# Kelp4Less vs GCF Line



## Scagfreedom48z+ (Oct 6, 2018)

Anyone have any experiences othese product lines? Seems to me that GCF products are pretty pricey for larger properties. I've been reading up on the extreme blend, Humic-Fulvic-Kelp blend and iron sulfate and they seem promising for the price.


----------



## CenlaLowell (Apr 21, 2017)

Scagfreedom48z+ said:


> Anyone have any experiences othese product lines? Seems to me that GCF products are pretty pricey for larger properties. I've been reading up on the extreme blend, Humic-Fulvic-Kelp blend and iron sulfate and they seem promising for the price.


I use Extreme Blend and Humic 12 does it work? I have no earthly idea. GCF doesn't seem that expensive you get 640 oz for 100$. I have 20k yard if the product is only calling for 3oz /1k thats only 60oz of product. Now, it's not cheaper than kelp for less, but still cheap imo. I will buy RGS and AIR8 to use next season.


----------



## Khy (Jul 27, 2018)

So here's the thing right? I'm willing to bet K4L is roughly the same thing if mixed correctly. And sure, it saves a little cash.

But at the same time, I don't have to risk having a brain fart and under/over mixing. I don't have to deal with making my tea and straining it and such. There's definitely a certain cost to the sheer convenience of GCF, which is why I use them. I did look into the K4L option but it just seems like a lot of hassle vs convenience.

Also, unless I'm mistaken, there's no label for K4L is there?

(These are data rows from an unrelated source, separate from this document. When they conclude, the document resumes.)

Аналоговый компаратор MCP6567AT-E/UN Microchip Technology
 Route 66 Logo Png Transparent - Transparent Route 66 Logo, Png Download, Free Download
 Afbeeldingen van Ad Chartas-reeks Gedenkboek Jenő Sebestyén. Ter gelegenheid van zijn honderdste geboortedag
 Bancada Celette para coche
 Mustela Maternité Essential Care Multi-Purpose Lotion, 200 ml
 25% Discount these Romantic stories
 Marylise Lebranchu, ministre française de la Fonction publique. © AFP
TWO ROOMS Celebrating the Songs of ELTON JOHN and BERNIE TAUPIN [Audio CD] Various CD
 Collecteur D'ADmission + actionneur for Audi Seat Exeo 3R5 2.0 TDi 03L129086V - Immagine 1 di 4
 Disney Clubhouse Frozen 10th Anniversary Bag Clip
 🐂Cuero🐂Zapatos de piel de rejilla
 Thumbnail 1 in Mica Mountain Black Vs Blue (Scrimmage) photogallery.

At least I've not been able to find one on the exact percentages and concentrations you get when mixing at their recommended rates? Which kind of bothers me, not that I'm saying they're lying about the contents but more I'm obsessive w/ tracking and I'd like to know what I'm putting on my lawn.


----------



## samjonester (May 13, 2018)

Khy said:


> So here's the thing right? I'm willing to bet K4L is roughly the same thing if mixed correctly. And sure, it saves a little cash.
> 
> But at the same time, I don't have to risk having a brain fart and under/over mixing. I don't have to deal with making my tea and straining it and such. There's definitely a certain cost to the sheer convenience of GCF, which is why I use them. I did look into the K4L option but it just seems like a lot of hassle vs convenience.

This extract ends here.